## Assignment
Extract, word for word, each line from the line holding "dining area featuring" through the end of the records. Omit every picture.

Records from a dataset
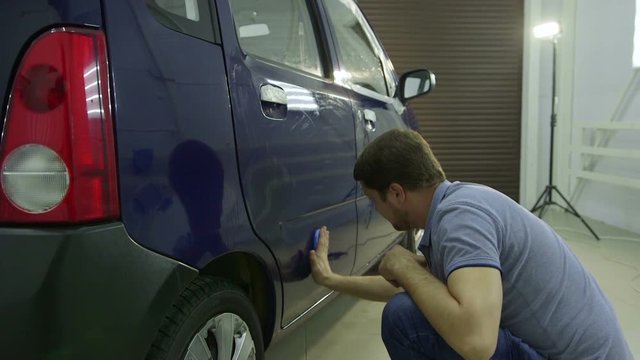 Master rubs car before polishing, the preparatory process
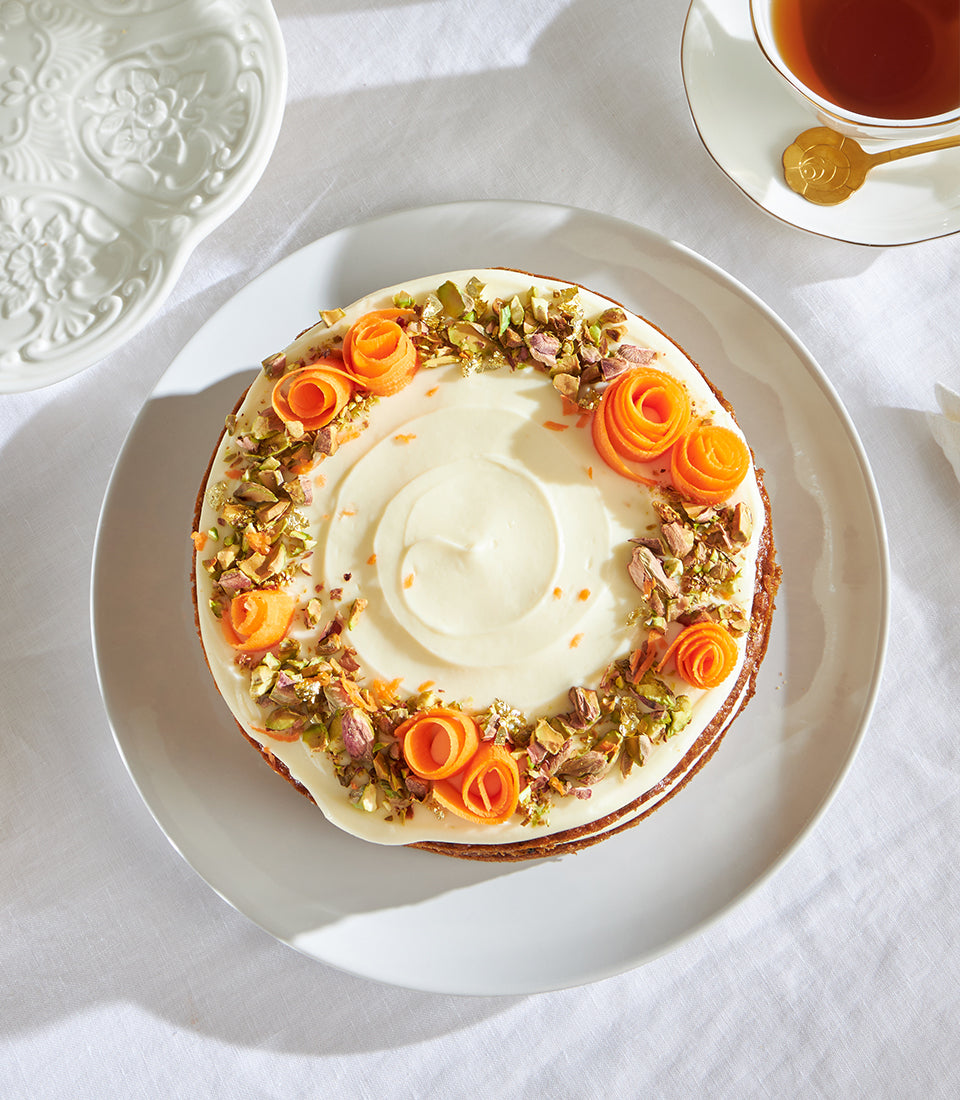 Frosted carrot birthday sponge cake with cream cheese icing, carrot curl roses and pistachio crumble
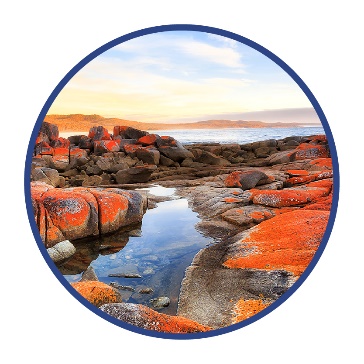 A picture of Country that shows rocks around a river.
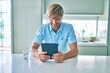 © Krakenimages.com - Young irish man smiling happy using touchpad sitting on the table at home.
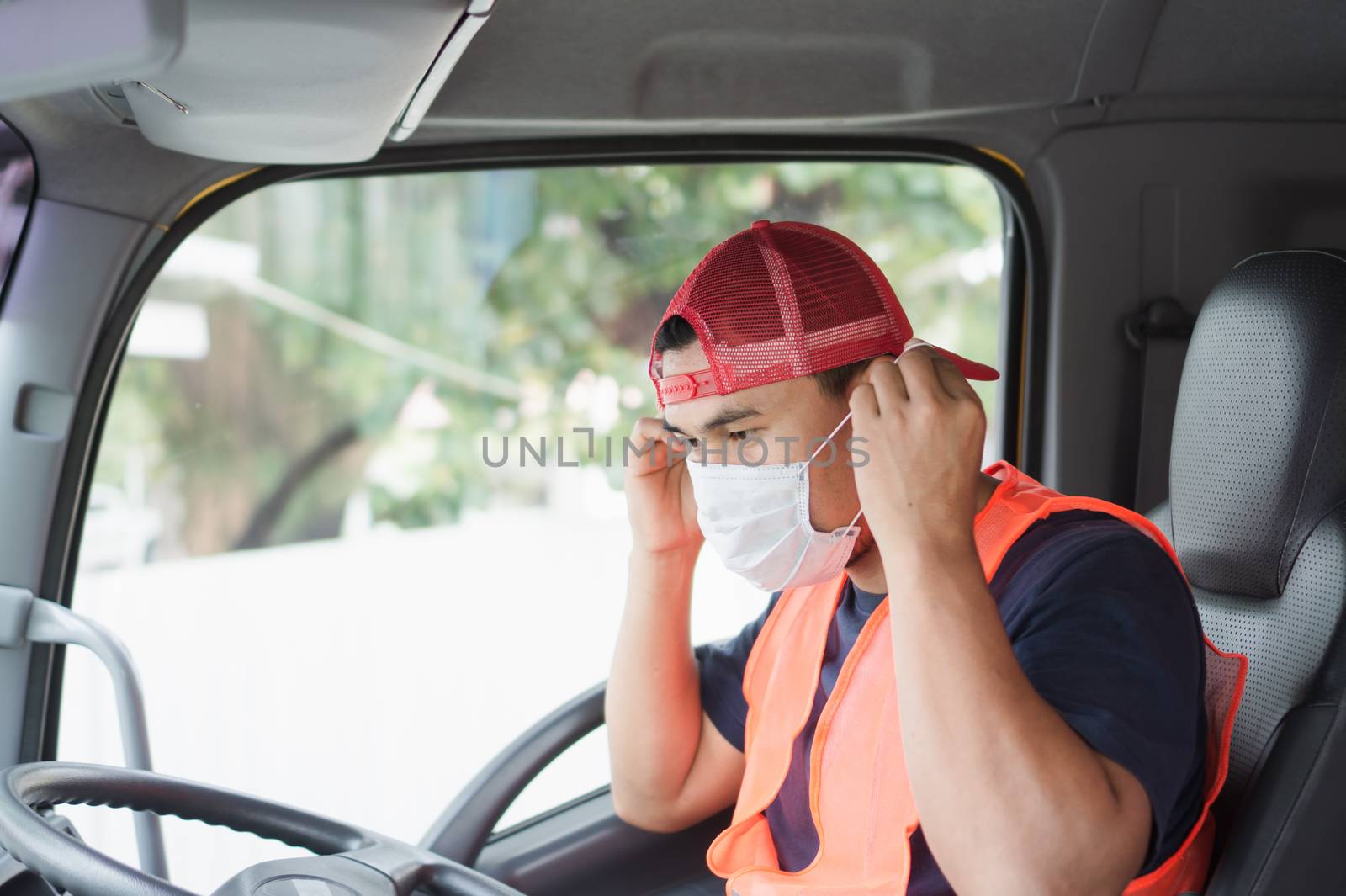Professional worker, truck driver, middle-aged Asian man wearing protective mask And safety vests For a long transportation business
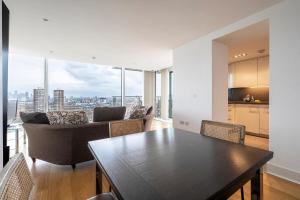 a kitchen and dining room with a table and chairs at Borough Flat with City Views by UnderTheDoormat in London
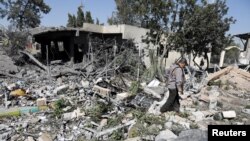 FILE - An airport staffer walks through the rubble of a building destroyed by Saudi-led air strikes at Sanaa Airport in Sanaa, Yemen, Dec. 21, 2021.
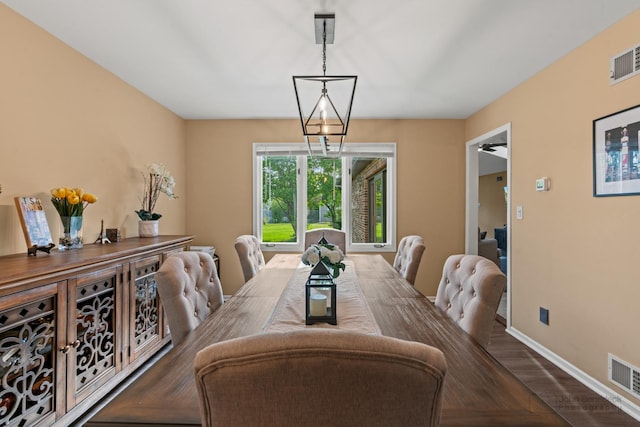 dining area featuring baseboards and wood finished floors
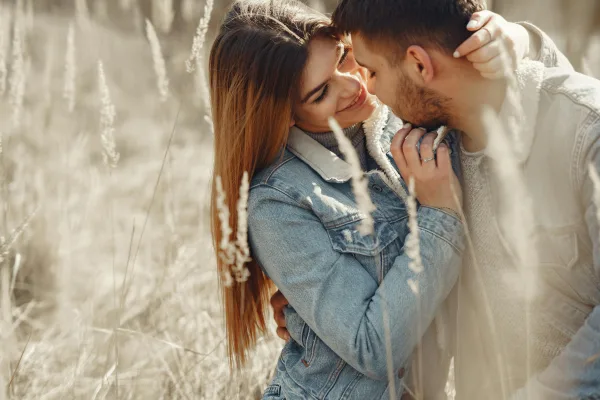 Couple amoureux enlacé dans un champ au coucher du soleil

## Output for this task
 dining area featuring baseboards and wood finished floors
 Couple amoureux enlacé dans un champ au coucher du soleil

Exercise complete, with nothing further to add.